TellMe performs at least some of its voice recognition on the phone. I've just turned off all data connections on my phone and TellMe can launch applications, call and text contacts. The only thing it can't do is search using Bing.

That's more than can be said for crappy vlingo on android at least :p driving along the motorway with a skittish data connection renders it nearly useless.

I know you've already conceeded that the recognition isn't as good but that is exactly the reason for the failure in this video, it's not because he used invalid commands.

I think it is based on my experience of TellMe. Recognition is better when I use the correct commands or use natural language in the right place. If I say "Text Jake" it will generally text me. However, if I say "Send a text to Jake" it fails every time.

Again, if you'd read the thread you would see that this has already been discussed. "Text ccuk", "Call ccuk", "Find ccuk" are all perfectly natural things to say so you're hardly being forced to compromise. Anyway, whether you think natural language is important is irrelevant, TellMe doesn't offer it and he shouldn't try to use the software incorrectly. It's the equivalent of complaining that you can't view Twitter feeds in the iPhone's contacts application - iPhone doesn't offer this feature so there's no point claiming that it's broken.

See you keep dodging around points. Regardless of what you are saying the system couldn't understand the words he was speaking, context aside. I personally don't think it's as good as other offerings.

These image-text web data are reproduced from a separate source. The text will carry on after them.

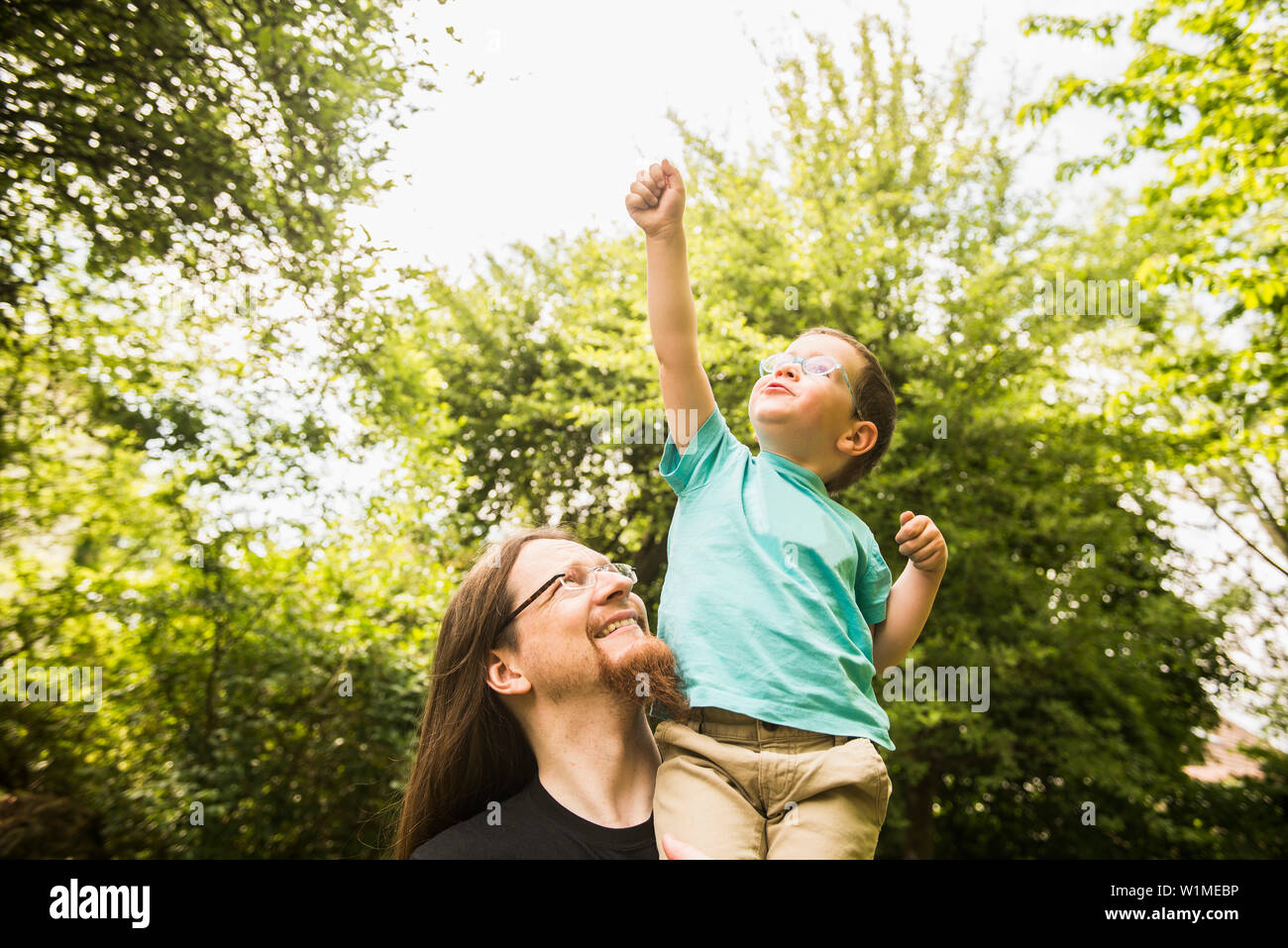 Padre con figlio agendo come supereroe in giardino Foto Stock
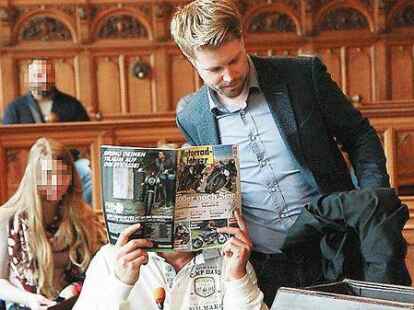 Ali M. bedeckt sein Gesicht mit einer Zeitschrift. Rechts neben ihm sein Verteidiger Torben M&uuml;ller.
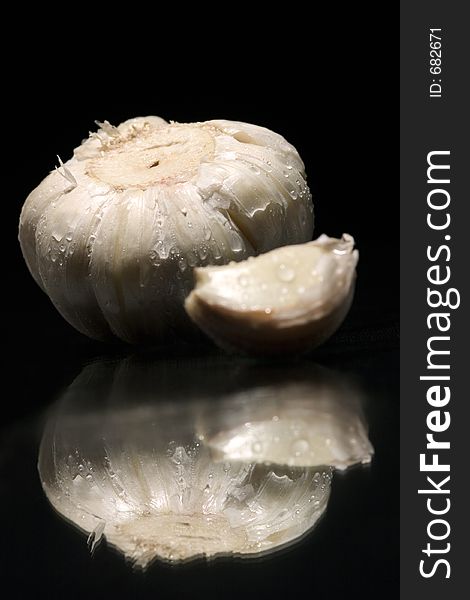 Still life of garlic with reflex on black background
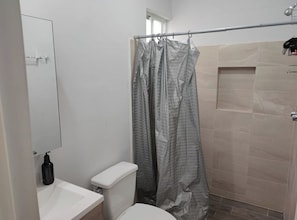 Un bany amb vàter, rentapel i cortina de dutxa, i parets de rajola.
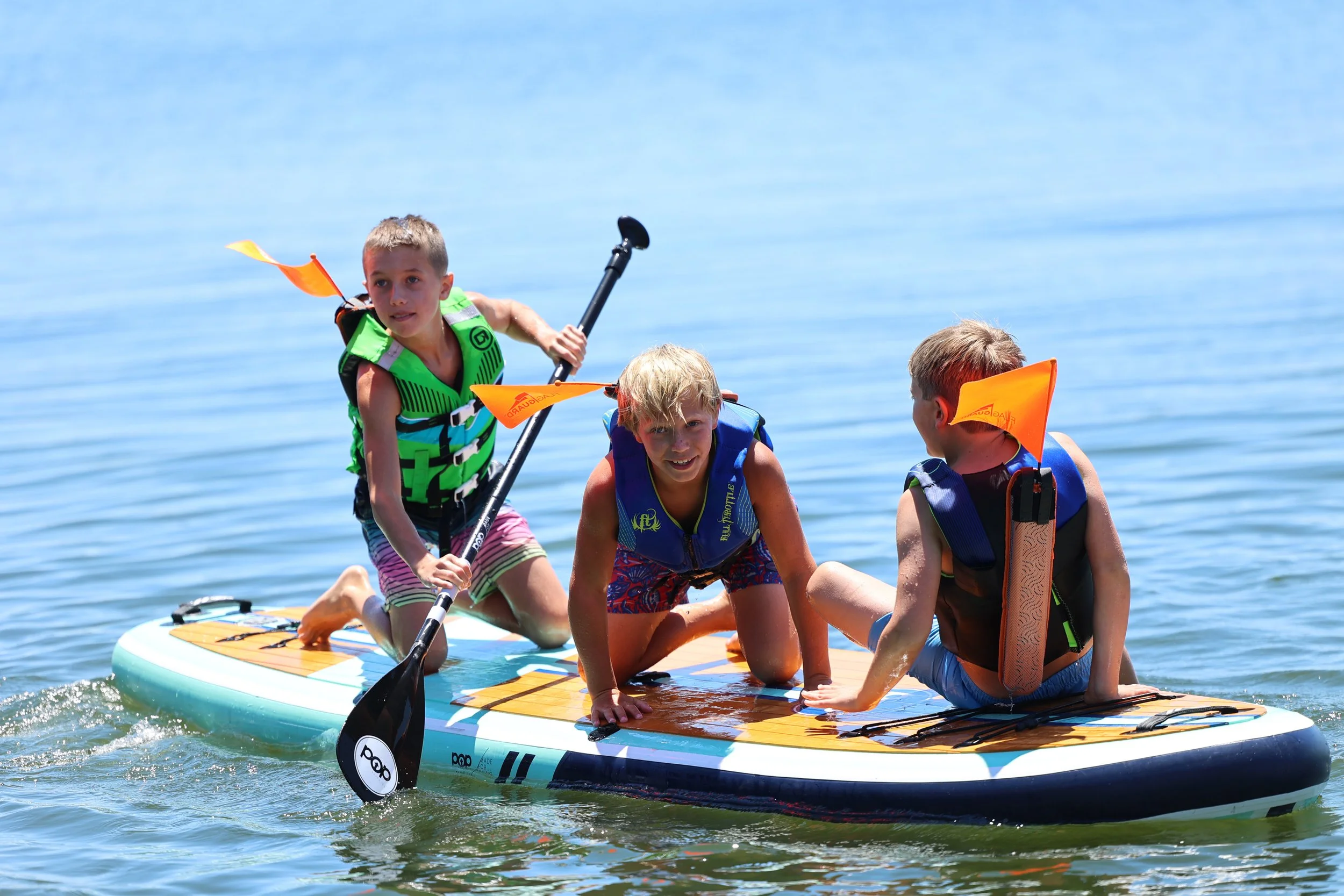 Four children on a paddleboard, three kneeling and one standing with a paddle in the water, wearing life jackets, on a sunny day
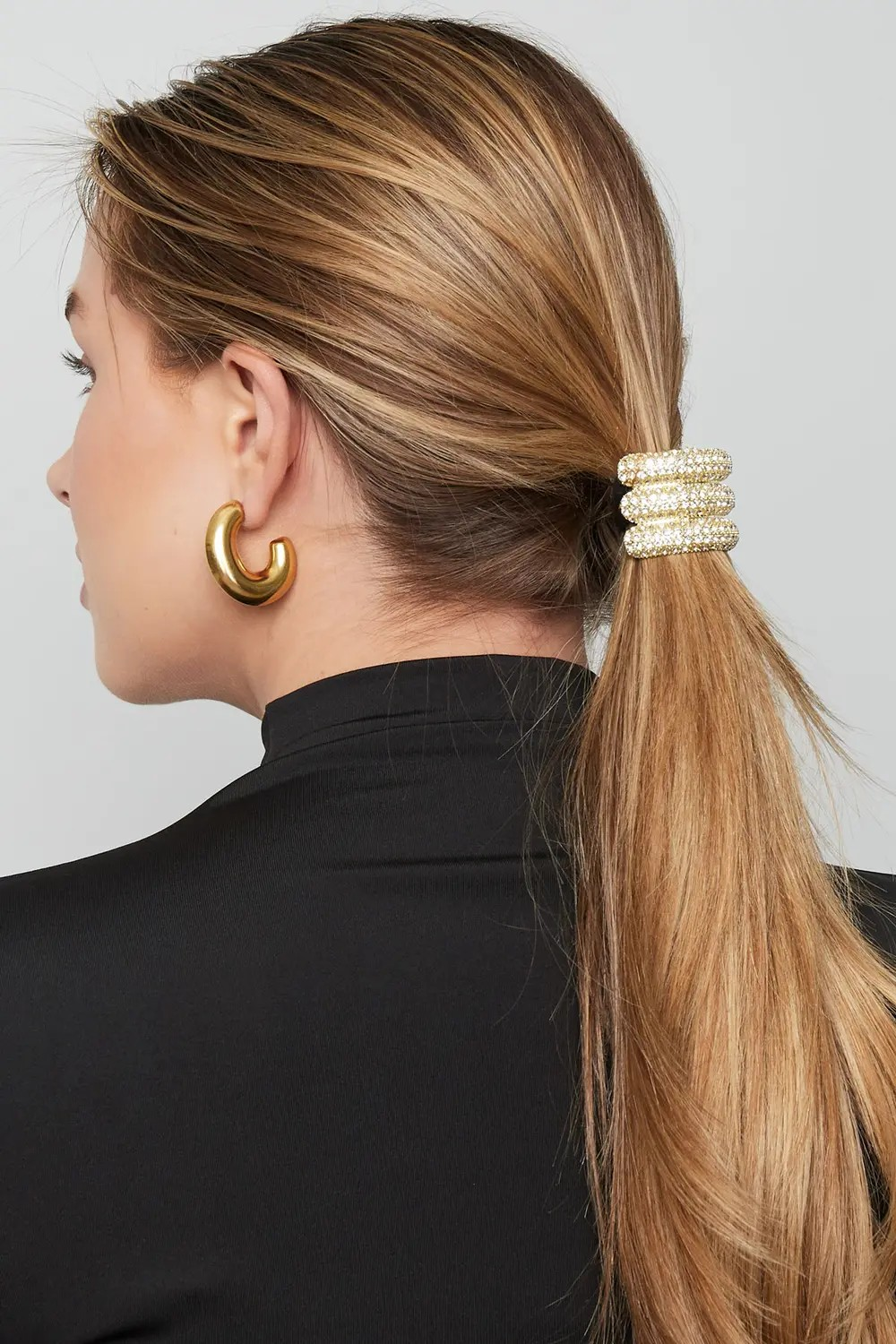 Model van de achterkant met blond haar in een lage paardenstaart, vastgezet met de luxe gouden strass haarstiek elegant glow van Glow Mystic in Style.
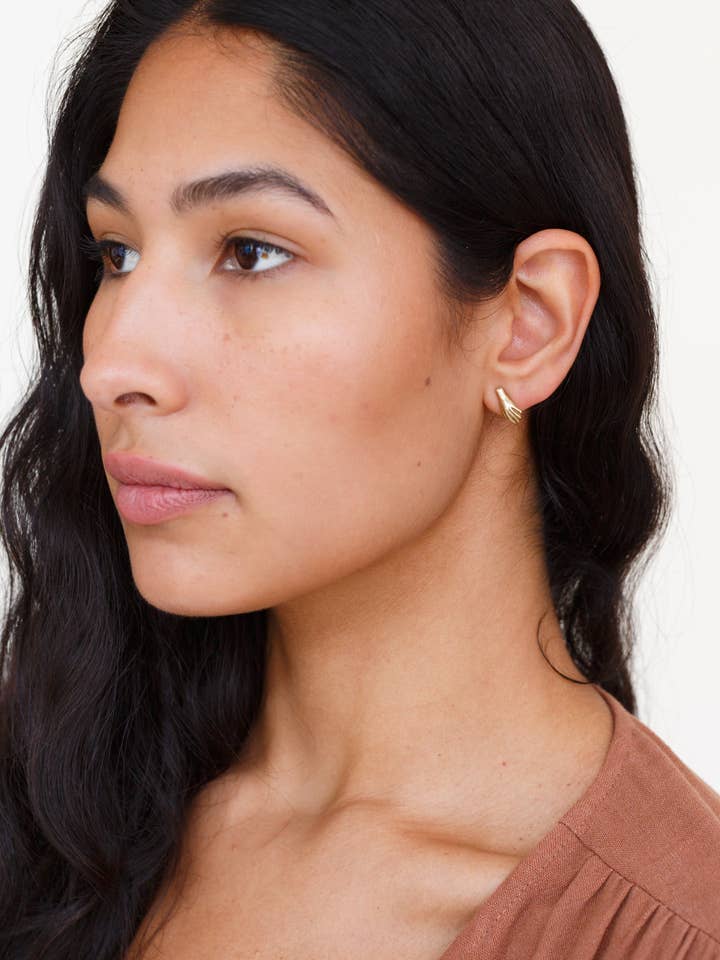 Give and Receive Hand Studs for wholesale by Moon + Arrow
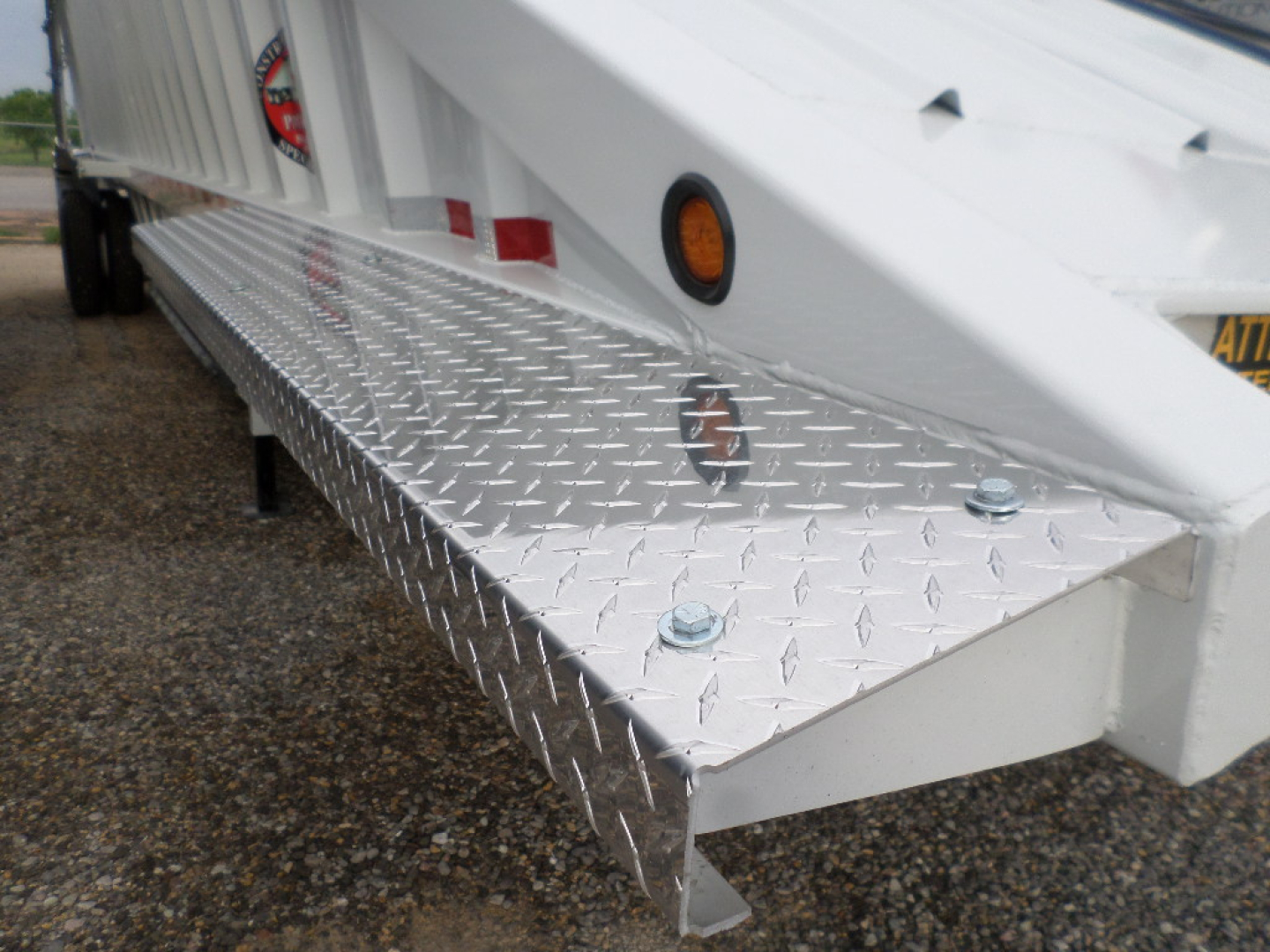 Trailer side view showing diamond plate step with bolts and white trailer body.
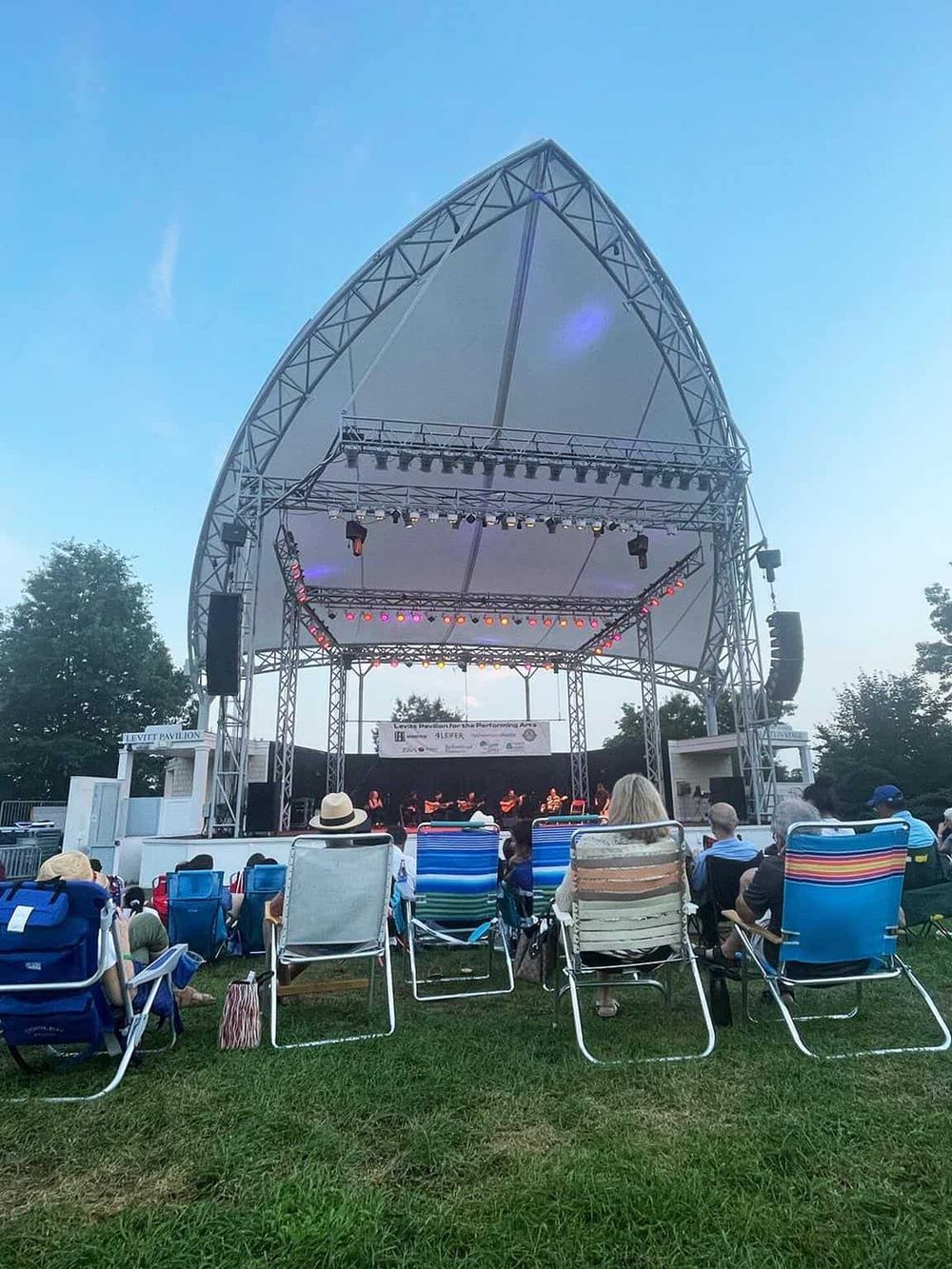 Open-air stage at outdoor music festival with audience, blue sky, and green trees in background.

My WP7 works much better than that. Holy ****, I mean it's no Siri, but that guy was just terrible.

I wonder how long MS spent on research and development for accents which aren't American.

Also, can TellMe work with foreign languages?

I think it is based on my experience of TellMe. Recognition is better when I use the correct commands or use natural language in the right place. If I say "Text Jake" it will generally text me. However, if I say "Send a text to Jake" it fails every time.

You're probably right, but that seems like a crazy way of doing things. It shouldn't assume the correct command will be used every time as it's being spoken to by humans not machines. It should decipher the sentence and then decide if a correct command is used, not decide there's no valid command and crap out.

I wonder how long MS spent on research and development for accents which aren't American.

Also, can TellMe work with foreign languages?

Yes, TellMe works with foreign accents. But, TellMe is NOT directly comparable to Siri. Siri is a complete solution that listens to speech with context and performs and action. TellMe itself is just voice recognition, with no context. Context is provided by the application developer using the TellMe service. It'd be perfectly easy to create something similar to Siri using TellMe. For example, people praise Kinect's voice recognition - but that's also powered by the same TellMe service, but just with more context provided by the actual software on the Xbox.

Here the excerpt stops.